Common examples of security interests which may arise under construction contracts and supply contracts include the following:
- take over rights that enable a principal to take possession of the contractor's plant and equipment to complete works and sell the plant and equipment to recover outstanding amounts owed to the principal
- clauses which provide for security deposits, retention amounts or any other flawed asset arrangement under which moneys due to the contractor from the principal may be retained pending compliance with another obligation by the contractor
- interests under a clause which provides that the contractor must hold on trust for the account of the principal any amounts it receives which are otherwise due to that other party (called a turnover trust)
- the supply of plant or equipment on retention of title terms or on hire purchase
- any "PPS lease" (which is a lease of goods, or arrangement where a third party has possession of goods, for an indefinite term or a term of more than one year (or 90 days if the goods are aircraft, motor vehicles or watercraft), such as where the contractor's plant and equipment is used on the principal's site or goods are paid for but retained by the seller for a period).
If the secured party does not register these interests it may not be able to enforce its rights under these clauses, and potentially could lose ownership of its property.
Some of these security interests may be purchase money security interests ("PMSIs") under the PPSA. A PMSI arises where the secured party has provided the finance required by the grantor to acquire the collateral. A hire purchase agreement, retention of title arrangement and PPS lease are also PMSIs.

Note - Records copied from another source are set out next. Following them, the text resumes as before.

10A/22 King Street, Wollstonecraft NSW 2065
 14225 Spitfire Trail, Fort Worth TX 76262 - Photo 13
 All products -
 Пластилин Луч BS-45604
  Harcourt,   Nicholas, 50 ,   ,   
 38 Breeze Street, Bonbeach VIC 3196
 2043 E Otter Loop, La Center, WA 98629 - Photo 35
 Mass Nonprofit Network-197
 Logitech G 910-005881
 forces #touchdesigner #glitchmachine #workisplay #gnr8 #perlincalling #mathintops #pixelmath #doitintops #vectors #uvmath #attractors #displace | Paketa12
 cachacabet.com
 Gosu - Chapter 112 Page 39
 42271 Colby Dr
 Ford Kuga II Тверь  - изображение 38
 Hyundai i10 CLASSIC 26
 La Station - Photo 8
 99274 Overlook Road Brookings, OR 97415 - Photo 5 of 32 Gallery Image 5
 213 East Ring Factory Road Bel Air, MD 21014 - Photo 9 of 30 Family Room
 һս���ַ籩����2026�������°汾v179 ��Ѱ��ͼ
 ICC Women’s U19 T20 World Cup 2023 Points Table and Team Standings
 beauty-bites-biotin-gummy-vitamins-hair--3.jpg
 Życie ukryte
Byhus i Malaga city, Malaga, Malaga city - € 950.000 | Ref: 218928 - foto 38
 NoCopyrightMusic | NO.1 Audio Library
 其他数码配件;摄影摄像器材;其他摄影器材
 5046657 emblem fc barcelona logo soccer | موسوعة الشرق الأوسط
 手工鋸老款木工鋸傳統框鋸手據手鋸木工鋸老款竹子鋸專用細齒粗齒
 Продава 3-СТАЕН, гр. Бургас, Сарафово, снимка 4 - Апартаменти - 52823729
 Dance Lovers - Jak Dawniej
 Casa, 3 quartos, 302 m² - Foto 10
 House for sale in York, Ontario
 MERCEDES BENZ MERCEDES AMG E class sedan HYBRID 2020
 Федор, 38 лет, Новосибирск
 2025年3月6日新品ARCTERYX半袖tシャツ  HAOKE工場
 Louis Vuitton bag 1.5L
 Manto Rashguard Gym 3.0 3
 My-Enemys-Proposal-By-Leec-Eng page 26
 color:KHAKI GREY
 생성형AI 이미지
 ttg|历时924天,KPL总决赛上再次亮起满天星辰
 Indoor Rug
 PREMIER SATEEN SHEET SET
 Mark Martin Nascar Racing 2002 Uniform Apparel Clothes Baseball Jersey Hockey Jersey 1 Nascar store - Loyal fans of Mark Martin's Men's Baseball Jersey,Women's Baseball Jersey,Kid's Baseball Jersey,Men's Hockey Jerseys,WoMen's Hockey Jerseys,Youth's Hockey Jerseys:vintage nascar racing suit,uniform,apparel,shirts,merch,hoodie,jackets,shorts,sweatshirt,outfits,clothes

If registered in time by a registration that indicates that it is a PMSI, these are afforded a higher priority (called 'super priority') over an earlier non PMSI security interest that has been perfected (subject to some exceptions) .
Timing of registration
The best possible priority and protection will be gained by registration immediately before the relevant agreement giving rise to the security interest is signed.
In any event, PMSIs must be registered within timeframes specified under the PPSA in order to gain super-priority. There are different time limits depending on the nature of the collateral. The time limits are as follows:
|Type of collateral
||When PMSI must be registered
|Collateral is inventory
|If goods - before the grantor obtains possession of the goods
If any other kind of inventory - before the security interest attaches to the inventory
|Collateral is in personal property, other than inventory
||If goods - within 15 business days after the day the grantor obtains possession of the goods
If any other personal property - within 15 business days after the day the security interest attaches to the property
Where a security interest is granted by a company
Where the grantor is a company section 588FL of the Corporations Act 2001 (Cth) should be noted. This section requires security interests granted by a company to be registered within 20 business days after the security agreement giving rise to the security interest came into force. With limited exceptions, failure to register by that time can mean the security interest vests in the company on its insolvency (ie., the holder of the security interest will lose its interest in the property). If a registration is made after this time, the security interest remains subject to this vesting risk for 6 months after registration.
Whilst there is provision in the Corporations Act to apply for an extension of time to register security interests, recent cases indicate that there are limitations in the comfort obtained in making such an application, even if successful. In the matter of Apex Gold Pty Ltd  NSWSC 881 and In the matter of Cardinia Nominees Pty Ltd  NSWSC 32 the court extended the time for registration of the security interests under the Corporations Act, but in each case the extension was granted on conditions which substantially reduced the effectiveness of the extension. These cases indicate that an extension may not be granted where the delay to register was other than inadvertent, accidental or due to another sufficient cause, where other unsecured creditors would be disadvantaged or where there was a long delay.
In conclusion, principals and contractors need to be aware of these very real risks in not registering or delaying registration of security interests on the PPSR. Whilst there may be commercial reasons for not registering security interests, it is worth the effort involved in considering each construction project at the outset and if the decision is made to register, to do so promptly.
Who does this affect?
Parties involved in construction and supply agreements.
What do you need to do?
Review all construction and supply agreements for security interests that may require registration.